Security Overview | AppDeploy for Apple Business
Review AppDeploy security posture, workspace isolation, role-based access, Enterprise audit logs, Apple Business workflows, and enterprise review support.
Security posture in plain language
AppDeploy is built for internal app distribution, so the security model focuses on who can publish apps, who can access them, how Apple Business workflows are connected, and how administrators can review rollout activity.
AppDeploy does not currently claim ISO 27001 or SOC 2 certification. This page separates operational controls from formal third-party assurance so procurement teams can review the product clearly.
Current controls
Product traffic is served over HTTPS, workspace users authenticate through secure sessions, and protected actions check roles and permissions before changes are allowed.
Each organisation has its own workspace boundary.
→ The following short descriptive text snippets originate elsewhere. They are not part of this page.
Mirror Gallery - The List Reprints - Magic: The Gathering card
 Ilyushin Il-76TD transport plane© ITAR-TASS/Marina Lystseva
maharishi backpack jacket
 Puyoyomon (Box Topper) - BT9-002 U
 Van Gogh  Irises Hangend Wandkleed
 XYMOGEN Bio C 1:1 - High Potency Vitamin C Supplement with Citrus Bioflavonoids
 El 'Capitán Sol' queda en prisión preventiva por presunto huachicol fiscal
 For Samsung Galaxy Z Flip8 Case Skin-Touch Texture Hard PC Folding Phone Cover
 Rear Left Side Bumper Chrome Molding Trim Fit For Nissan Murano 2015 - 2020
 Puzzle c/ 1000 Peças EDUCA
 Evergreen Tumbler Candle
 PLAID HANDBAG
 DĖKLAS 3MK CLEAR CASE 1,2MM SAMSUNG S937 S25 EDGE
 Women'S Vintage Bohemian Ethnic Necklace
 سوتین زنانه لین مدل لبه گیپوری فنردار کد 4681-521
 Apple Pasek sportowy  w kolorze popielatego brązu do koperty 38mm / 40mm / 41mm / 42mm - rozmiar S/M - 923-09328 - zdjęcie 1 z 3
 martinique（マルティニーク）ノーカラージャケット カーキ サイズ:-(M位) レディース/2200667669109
Application controls and database policies help keep customer data separated, while Enterprise audit logs make important administrative and Apple Business events reviewable.
- Role-based workspace access for members, app managers, auditors, organisation admins, and superadmins
- Enterprise audit logs with actor, IP address, action, entity, timestamp, and metadata
- Apple Business credentials and private integration material encrypted at rest
- SCIM provisioning for supported Enterprise identity providers
- SAML/OIDC single sign-on for configured Enterprise workspaces
- Abuse protection on sign-in, registration, public install, and API surfaces
- Operational logging and monitoring for incident investigation
- Stripe-hosted billing flows for paid Business subscriptions
- No full MDM enrollment required for the AppDeploy distribution workflow
Workspace isolation model
Every workspace is attached to an organisation, and protected actions are checked against that workspace boundary.
Database-level safeguards add another layer of protection behind the application controls.
- Workspace-level separation for customer data
- Role and permission checks on protected admin actions
- Database policies for tenant boundary enforcement
- Controlled migration and rollback process for schema changes
What an enterprise review should cover
An enterprise review should walk through the exact rollout paths your users will touch rather than only checking a generic security list.
For most teams, that means reviewing Apple Business token sync, Managed Apple ID matching, Enterprise SCIM provisioning, SAML/OIDC SSO, employee portal access, app upload controls, audit logs, backup expectations, and incident response ownership.
Enterprise readiness roadmap
Upcoming priorities include deeper upload validation and scanning, more install-flow coverage, admin network restrictions, and additional security evidence for larger buyers.
The public security posture will continue to distinguish implemented controls from formal certification work.